Due to their thermal properties, with the aim of differentiate and identify waxes, Differential Scanning Calorimetry (DSC) is preferred over physical properties or techniques as gas chromatography or infrared spectroscopy [2, 3]. DSC has been also employed in the quantification of wax blends [4] and the thermal stability evaluation after repeated heating cycles [5, 6].
Several studies have found that oil viscosities and wax ratios have great influence on the sensory and mechanical characteristics of cosmetic formulations [7, 8]. Among the skin cosmetics, the ones with a major amount of waxes are lipsticks [9]. Recently, commercially available benchmark lipstick prototypes were characterized using DSC and prototype-dependent fingerprinting was evaluated, mainly in terms of heat stability as well as spreading [10].
Mascaras are products used by 59% of female internet consumers (18+), that make eyelashes appear thicker, longer, darker and with an enhanced curl [11]. Using different techniques among which DSC is reported [12], mascaras are one of the most studied cosmetics since they have some of the highest consumer expectations to meet [11]. As used in lipsticks, a mascara formula contains wax blends to achieve the desired texture [13]; however, to our knowledge, there is not a published research linking the thermal properties of waxes and a key attribute for consumers as the perceived visual appearance [14] (affected by the thermal stability of the product).
The aim of this chapter was to study the relation between the thermal behavior of waxes by means of DSC and the thermal stability screening test of eight commercial mascaras showing the advantages of the continuous development of calorimetry applications in the cosmetic industry focused in efficacy and quality.
The eight commercial eyelashes mascaras were used only for research purposes.
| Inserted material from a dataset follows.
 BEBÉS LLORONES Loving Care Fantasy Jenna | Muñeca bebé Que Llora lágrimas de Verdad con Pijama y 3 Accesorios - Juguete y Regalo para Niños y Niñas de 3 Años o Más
Due to the company’s policies, the name of each product, the proportions of the individual ingredients in the formula as well as the supplier for each wax are outside the scope of the current study.
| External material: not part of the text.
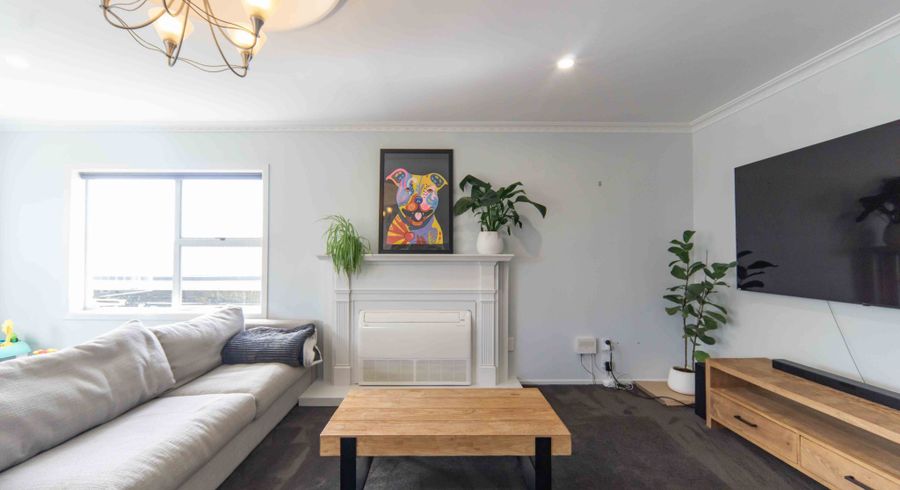  at 12 Resthill Crescent, Glenview, Hamilton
The studied waxes were Carnauba wax (Wax-1), Microcrystalline wax (Wax-2), Ozokerite (Wax-3), Paraffin wax (Wax-4), Polyethylene wax (Wax-5) and Synthetic Beeswax (Wax-6).
2.2 Thermal stability screening test
Following a preliminary stability test (also known as screening test), mascara samples were heated at 50°C for 15 days to accelerate the instability processes that could occur, obtaining preliminary information on stable formulations [15]. After 0, 8 and 15 days of thermal stress, each product was carefully observed for phase-separation recording and enough amount of each sample was used to perform DSC measurements. Control samples (day 0) were measured as received from the supplier.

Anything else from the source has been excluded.